If this works, then one sees:
Parsing account key...
Parsing CSR...
Registering account...
Already registered!
Verifying dcbase.org...
dcbase.org verified!
Verifying http://www.dcbase.org...
http://www.dcbase.org verified!
Signing certificate...
Certificate signed!

When running acme-tiny.

Once this works reliably, the whole process should be run automatically as a cron job often enough to stay ahead of Let’s Encrypt’s 90-day cycle. However, one cannot renew too often:

The main limit is Certificates per Registered Domain (20 per week). A registered domain is, generally speaking, the part of the domain you purchased from your domain name registrar. For instance, in the name http://www.example.com, the registered domain is example.com. In new.blog.example.co.uk, the registered domain is example.co.uk. We use the Public Suffix List to calculate the registered domain.
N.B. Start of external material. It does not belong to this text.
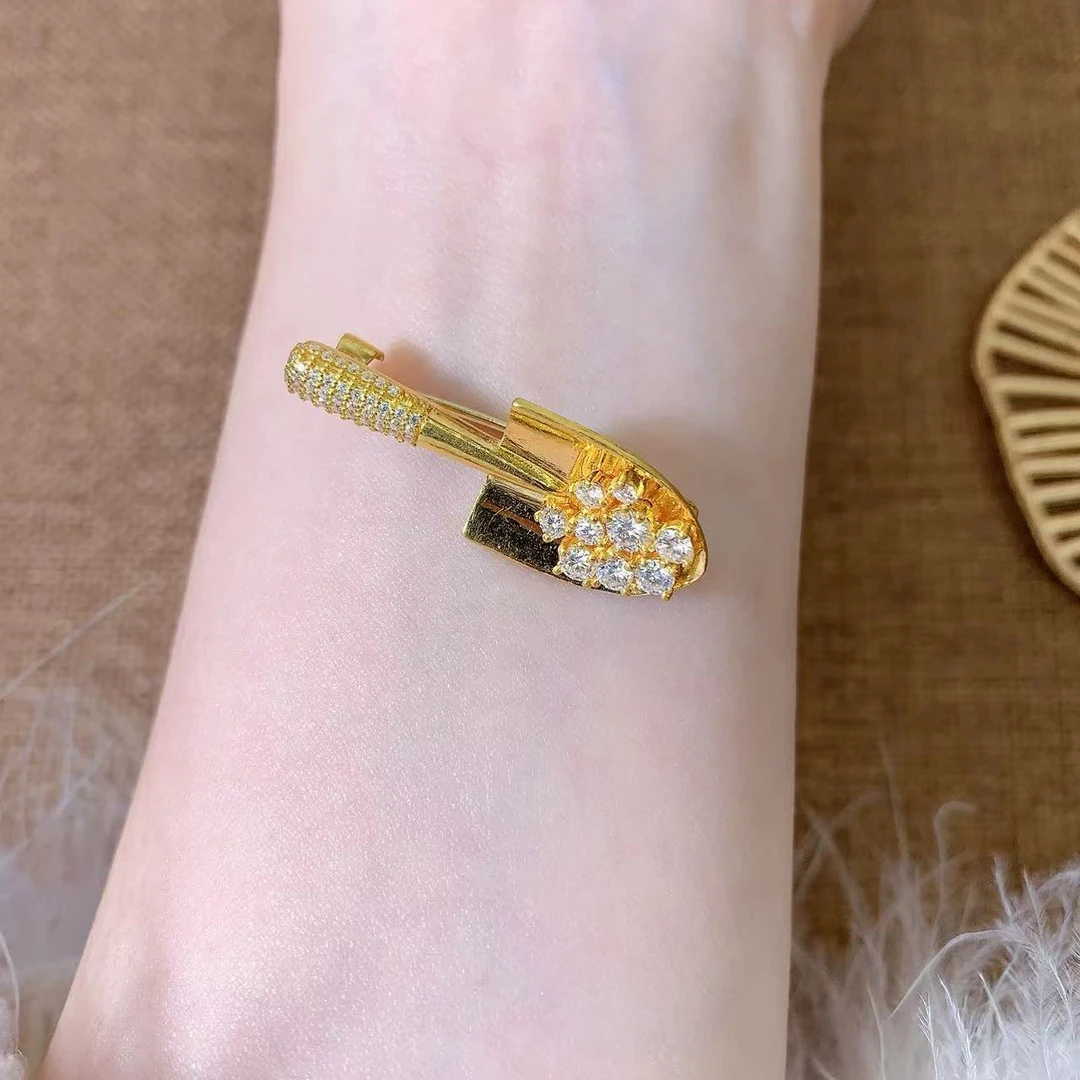 【伟新源】足金999 镶嵌金铲铲胸针8.03克（附加480）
If you have a lot of subdomains, you may want to combine them into a single certificate, up to a limit of 100 Names per Certificate. Combined with the above limit, that means you can issue certificates containing up to 2,000 unique subdomains per week. A certificate with multiple names is often called a SAN certificate, or sometimes a UCC certificate.
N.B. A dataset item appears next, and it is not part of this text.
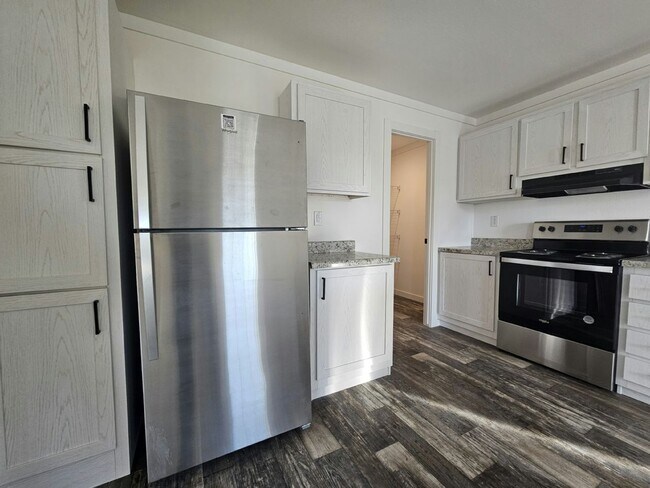 Building Photo - 1029 Myakka Dr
Once Let’s Encrypt certificate renewal’s configured, Strong Ciphers for Apache, nginx and Lighttpd and BetterCrypto provide reasonable recommendations, while BetterCrypto’s Crypto Hardening guide discusses more deeply rationales behind these choices.

Finally, SSL Server Test and Analyse your HTTP response headers offer sanity checks for multiple successfully secured subdomains served by nginx over HTTPS using Let’s Encrypt certificates.

Hardening DC++ Cryptography: TLS, HTTPS, and KEYP

BEAST, CRIME, BREACH, and Lucky 13 together left DC++ with no secure TLS support. Since then, the triple handshake attack, Heartbleed, POODLE for both SSL 3 and TLS, FREAK, and Logjam have multiplied hazards.

Fortunately, in the intervening year and a half, in response:

  • poy introduces direct, encrypted private messages in DC++ 0.830.
  • DC++ 0.840 sees substantial, wide-ranging improvements in KEYP and HTTPS support from Crise, anticipating Google sunsetting SHA1 by several months and detecting man-in-the-middle attempts across both KEYP and HTTPS.
  • OpenSSL 1.0.1g, included in DC++ 0.842, fixes Heartbleed.
  • DC++ 0.850 avoids CRIME and BREACH by disabling TLS compression; avoids RC4 vulnerabilities by removing support for RC4; prevents BEAST by supporting TLS 1.1 and 1.2; mitigates Lucky 13 through preferring AES-GCM ciphersuites; removes support for increasingly factorable 512-bit and 1024-bit DH and RSA ephemeral TLS keys; and with all but one ciphersuite, AES128-SHA, deprecated and included for DC++ pre-0.850 compatibility, uses either DHE or ECDHE ciphersuites to provide perfect forward secrecy, mitigating any future Heartbleed-like vulnerabilities.
  • DC++ 0.851 uses a new OpenSSL 1.0.2 API to constrain allowed elliptic curves to those for which OpenSSL provides constant-time assembly code to avoid timing side-channel attacks.

These KEYP, TLS, and HTTPS improvements have not only fixed known weaknesses, but prevent DC++ 0.850 and 0.851 from ever having been vulnerable to either FREAK or Logjam. As with perfect forward secrecy, these changes increase DC++’s ongoing security against yet-unknown cryptographic developments.

The upcoming version switches URLs in documentation, in menu items, and of the GeoIP downloads from HTTP to HTTPS. While these changes do not and cannot prevent attacks perfectly, it should now provide users with improved and still-improving cryptographic security for the benefit of all DC++ users.

DC Development hub revived

Following a two-month-long hiatus, adcs://hub.dcbase.org:16591 hosts the DC development hub again.